Bruce sought to duplicate Cream’s power-trio format several times, without similar success, working with Robin Trower and Leslie West. Other ace guitarists he worked with over the years included Vernon Reid, Joe Bonamassa, Mick Taylor and Gary Moore.
Bruce studied cello at the Royal Scottish Academy of Music. The teenager picked up the standup bass to play jazz, which he said led to his being thrown out of school.
Like many stars of the British blues movement, Bruce started in London with Alexis Korner’s Blues Incorporated. He then joined the Graham Bond Organization. Bruce met drummer Baker in Bond’s band, with the duo at odds almost from the start, getting into onstage fights. Baker reportedly found Bruce’s playing “too busy” and agitated for his firing.
Bruce then hooked up with guitarist Clapton in John Mayall’s Bluesbreakers. He played on the group’s hit “Beano” album, which put British blues on the map and made Clapton a worldwide star.
Moving on to Manfred Mann, Bruce performed on the 1966 pop hit “Pretty Flamingo.”
Later that year, Clapton agreed to team up with Baker in the drummer’s new group, with the condition that Bruce be hired as the singer and bassist.
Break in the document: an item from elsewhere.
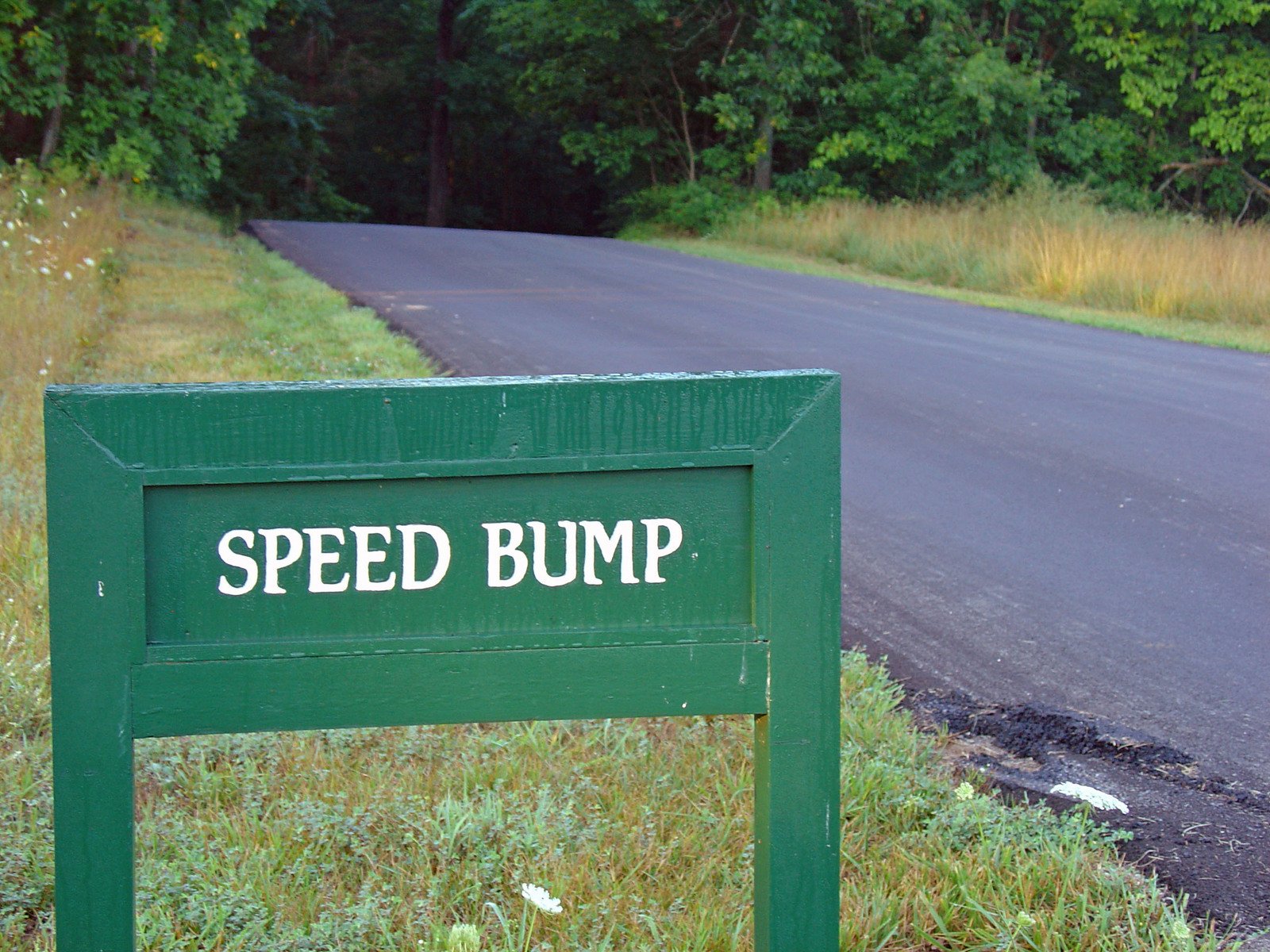 Speed Bump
Baker agreed, despite his history of trouble with Bruce. The story goes that Baker almost crashed the car he was driving when Clapton proposed hiring Bruce.
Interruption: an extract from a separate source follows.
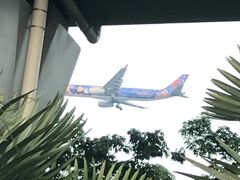 -宝安西湾红树林湿地公园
Thus was born Cream, the rock world’s first “supergroup” — although Bruce and Baker were largely unknown outside Britain — and its first successful power trio.
Cream lasted for two years, producing two strong studio albums — “Fresh Cream” and the psychedelic classic “Disraeli Gears” — as well as two LPs that leaned on the combo’s blistering live shows — “Wheels of Fire” and “Goodbye.”
Their major hits were “Sunshine of Your Love,” “White Room” and “Badge.” The band’s influence on progressive rock, heavy metal, psychedelic rock was vast and undeniable.
Cream broke up in late 1968 and Baker released the first of his more than a dozen solo albums the next year. Cream was inducted into the Rock and Roll Hall of Fame in 1993, with the estranged band members reuniting for the ceremony.
Bruce told Rolling Stone in 2014 that Cream ultimately was doomed by its famed improvisations:
In the same way that the Who had to trash their equipment every night, we had to have a 20-minute drum solo every night. And those sorts of things, if you feel like playing for 20 minutes, why not? But if you don’t and the audience demands it, it becomes quite difficult.
(A box set of Cream’s albums on vinyl is set for next month.)
Despite the stormy history, Bruce and Baker worked together off and on over the years, touring the U.S. in 1991 as a duo and making nice on David Letterman’s show.
Baker said of Bruce’s death: “I am very sad to learn of the loss of a fine man, Jack Bruce. … My thoughts and wishes are with his family at this difficult time.”
Bruce had a long history of drug abuse, leading to his fall 2003 liver transplant.
The Cream reunion shows boosted his profile as a solo artist, as did appearances on the lengthy U.S. Hippiefest package tour of 2008.
Bruce played frequently at European tribute shows and awards shows. His “Silver Rails” was his first album in a decade, featuring collaborators Trower, Phil Manzanera and John Medeski.
Bruce was the subject of the biographies “Composing Himself” and “Jack.” The BBC did a 2012 documentary about his life. The late ’60s film “Rope Ladder to the Moon” looked at his transformation from Cream’s frontman to a solo act.
Bruce, born in Glasgow, Scotland, in May 1943, “died today (Oct. 24) at his home in Suffolk, England, surrounded by his family,” a publicist said.
His family added: “The world of music will be a poorer place without him but he lives on in his music and forever in our hearts.”
Survivors include his wife Margrit and four children.